■ EXTRACTED MATERIAL ■

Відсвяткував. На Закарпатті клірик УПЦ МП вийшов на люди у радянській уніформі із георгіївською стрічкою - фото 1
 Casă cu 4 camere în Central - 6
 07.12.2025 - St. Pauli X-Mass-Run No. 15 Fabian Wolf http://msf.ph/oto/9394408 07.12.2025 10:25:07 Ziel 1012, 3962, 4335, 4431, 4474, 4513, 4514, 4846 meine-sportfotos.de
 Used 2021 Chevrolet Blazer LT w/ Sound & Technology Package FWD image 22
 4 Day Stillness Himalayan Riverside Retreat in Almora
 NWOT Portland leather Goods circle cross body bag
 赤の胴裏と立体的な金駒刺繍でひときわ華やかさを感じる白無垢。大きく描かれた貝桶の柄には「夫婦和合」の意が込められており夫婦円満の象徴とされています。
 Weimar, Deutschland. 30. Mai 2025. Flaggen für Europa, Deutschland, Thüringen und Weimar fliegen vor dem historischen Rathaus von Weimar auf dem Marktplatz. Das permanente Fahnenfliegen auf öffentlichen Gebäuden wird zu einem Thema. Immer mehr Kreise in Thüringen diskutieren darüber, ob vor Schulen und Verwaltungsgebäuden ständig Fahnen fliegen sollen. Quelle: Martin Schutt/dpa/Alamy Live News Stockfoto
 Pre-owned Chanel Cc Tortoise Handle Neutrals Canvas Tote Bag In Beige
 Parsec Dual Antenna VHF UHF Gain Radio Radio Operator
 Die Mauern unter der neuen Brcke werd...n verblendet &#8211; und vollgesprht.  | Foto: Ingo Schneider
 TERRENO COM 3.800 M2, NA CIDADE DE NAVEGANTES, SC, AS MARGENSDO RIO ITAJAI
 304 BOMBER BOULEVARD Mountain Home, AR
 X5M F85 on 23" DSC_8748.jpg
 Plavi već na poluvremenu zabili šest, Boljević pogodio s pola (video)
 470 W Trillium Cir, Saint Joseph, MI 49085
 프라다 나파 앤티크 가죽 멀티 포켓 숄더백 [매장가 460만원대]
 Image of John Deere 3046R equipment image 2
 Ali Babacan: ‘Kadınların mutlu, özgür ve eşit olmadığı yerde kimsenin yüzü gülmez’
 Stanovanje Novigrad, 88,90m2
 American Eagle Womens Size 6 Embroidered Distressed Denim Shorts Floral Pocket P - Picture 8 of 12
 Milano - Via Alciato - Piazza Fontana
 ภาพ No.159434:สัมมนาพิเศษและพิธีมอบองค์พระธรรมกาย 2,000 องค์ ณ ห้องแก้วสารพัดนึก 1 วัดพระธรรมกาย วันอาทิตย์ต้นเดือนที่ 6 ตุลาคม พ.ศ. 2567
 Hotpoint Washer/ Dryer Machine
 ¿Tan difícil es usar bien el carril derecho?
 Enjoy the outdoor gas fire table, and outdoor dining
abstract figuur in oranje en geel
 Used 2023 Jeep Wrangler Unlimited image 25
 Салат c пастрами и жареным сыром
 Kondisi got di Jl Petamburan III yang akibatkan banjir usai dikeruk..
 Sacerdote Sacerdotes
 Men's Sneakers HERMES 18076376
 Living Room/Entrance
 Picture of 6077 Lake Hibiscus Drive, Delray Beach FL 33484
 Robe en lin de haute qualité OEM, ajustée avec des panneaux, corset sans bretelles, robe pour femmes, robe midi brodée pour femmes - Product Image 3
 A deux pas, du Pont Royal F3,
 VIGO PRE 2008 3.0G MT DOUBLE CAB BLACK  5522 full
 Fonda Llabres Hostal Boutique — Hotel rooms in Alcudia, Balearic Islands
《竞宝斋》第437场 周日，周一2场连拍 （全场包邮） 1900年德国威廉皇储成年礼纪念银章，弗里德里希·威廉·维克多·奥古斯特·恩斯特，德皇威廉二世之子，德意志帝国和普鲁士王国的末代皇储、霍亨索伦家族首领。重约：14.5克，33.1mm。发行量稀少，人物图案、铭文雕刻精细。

■ WHAT IS REQUIRED ■
Exactly the lines from the start of the entries through the one bearing "赤の胴裏と立体的な金駒刺繍で" are to be output, with both ends included.

■ PROBLEM SOLUTION ■
Відсвяткував. На Закарпатті клірик УПЦ МП вийшов на люди у радянській уніформі із георгіївською стрічкою - фото 1
 Casă cu 4 camere în Central - 6
 07.12.2025 - St. Pauli X-Mass-Run No. 15 Fabian Wolf http://msf.ph/oto/9394408 07.12.2025 10:25:07 Ziel 1012, 3962, 4335, 4431, 4474, 4513, 4514, 4846 meine-sportfotos.de
 Used 2021 Chevrolet Blazer LT w/ Sound & Technology Package FWD image 22
 4 Day Stillness Himalayan Riverside Retreat in Almora
 NWOT Portland leather Goods circle cross body bag
 赤の胴裏と立体的な金駒刺繍でひときわ華やかさを感じる白無垢。大きく描かれた貝桶の柄には「夫婦和合」の意が込められており夫婦円満の象徴とされています。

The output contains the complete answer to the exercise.